The other companies that won 250 MW capacity each were Solenergi Power (Unit 3) with a low bid of 2.974 INR ($0.0444) per kWh and Mahindra Renewables (Unit 1) that won this capacity for 2.979 INR ($0.0445) per kWh.
The tender of 750 MW capacity was reportedly over-subscribed 10x, with a volume of 7,500 MW. The Solar Energy Corporation of India (SECI) had set the reserve price for this auction at 4.00 INR ($0.0602) per kWh, way back in November 2016 (see New Record-Low Benchmark PV Tariff In India). However, the fact that prices could go below 3.00 INR ($0.0448) per kWh was realized when financial bids were opened earlier this month (see Record Low Tariff Offers In 750 MW Rewa Tender).
Speaking to Mercom, an official of Madhya Pradesh Urja Vikas Nigam Limited (MPUVNL), explained, “We saw record low bids largely because of our progress made on the solar park infrastructure, unlike other solar parks where projects were tendered during initial stages of park development.
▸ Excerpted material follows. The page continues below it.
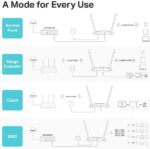 TP-Link WiFi Access Point TL-WA801N - Image 2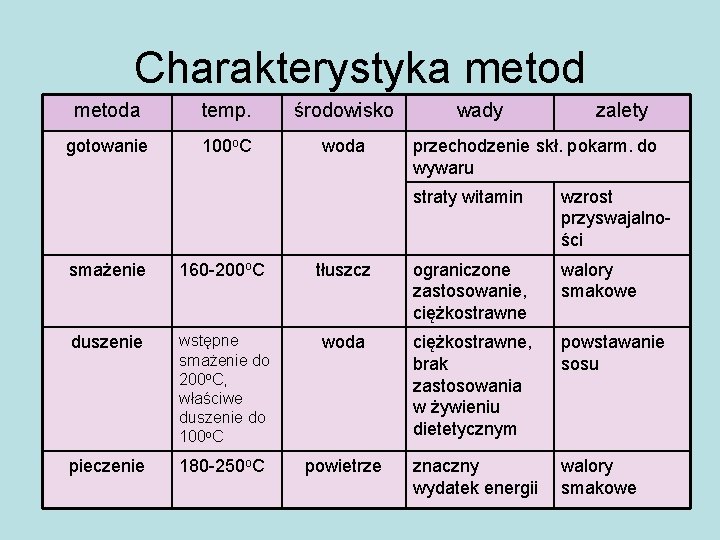 Charakterystyka metoda temp. środowisko gotowanie 100 o. C woda wady zalety przechodzenie skł. pokarm.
We in Madhya Pradesh waited to create conducive infrastructure, and the results are here for everyone to see.” The state government has also extended state guarantee for this project (see 750 MW ‘Ultra-Mega’ Solar Project In India).
The lowest tariff in India, however, is still not the world’s lowest. The lowest recorded solar tariff offered in an auction worldwide was in Abu Dhabi last year, when Chinese module maker JinkoSolar and Marubeni Corporation from Japan were leading the race of developers bidding for a 350 MW solar power capacity. The two had offered a tariff of $0.0242 per kWh (see Abu Dhabi 350 MW Tender). The final winner has yet to be awarded in this tender.
While pointing out the unique characteristics of the Rewa 750 MW tender results, Raj Prabhu, CEO of Mercom, cautioned against comparing them to the rest of such reverse auctions in India. “The size and location of the projects, payment guarantees, deemed generation benefit, longer construction timeline, the recent solar module price crash, and yearly tariff escalation for 15 years – all make the low bids unique,’ he said. Adding, ” The fear is that media, government officials and analysts will hype up the low bids and other states will then start pressuring developers to match bids from the Rewa auction tariffs, which has happened in the past.”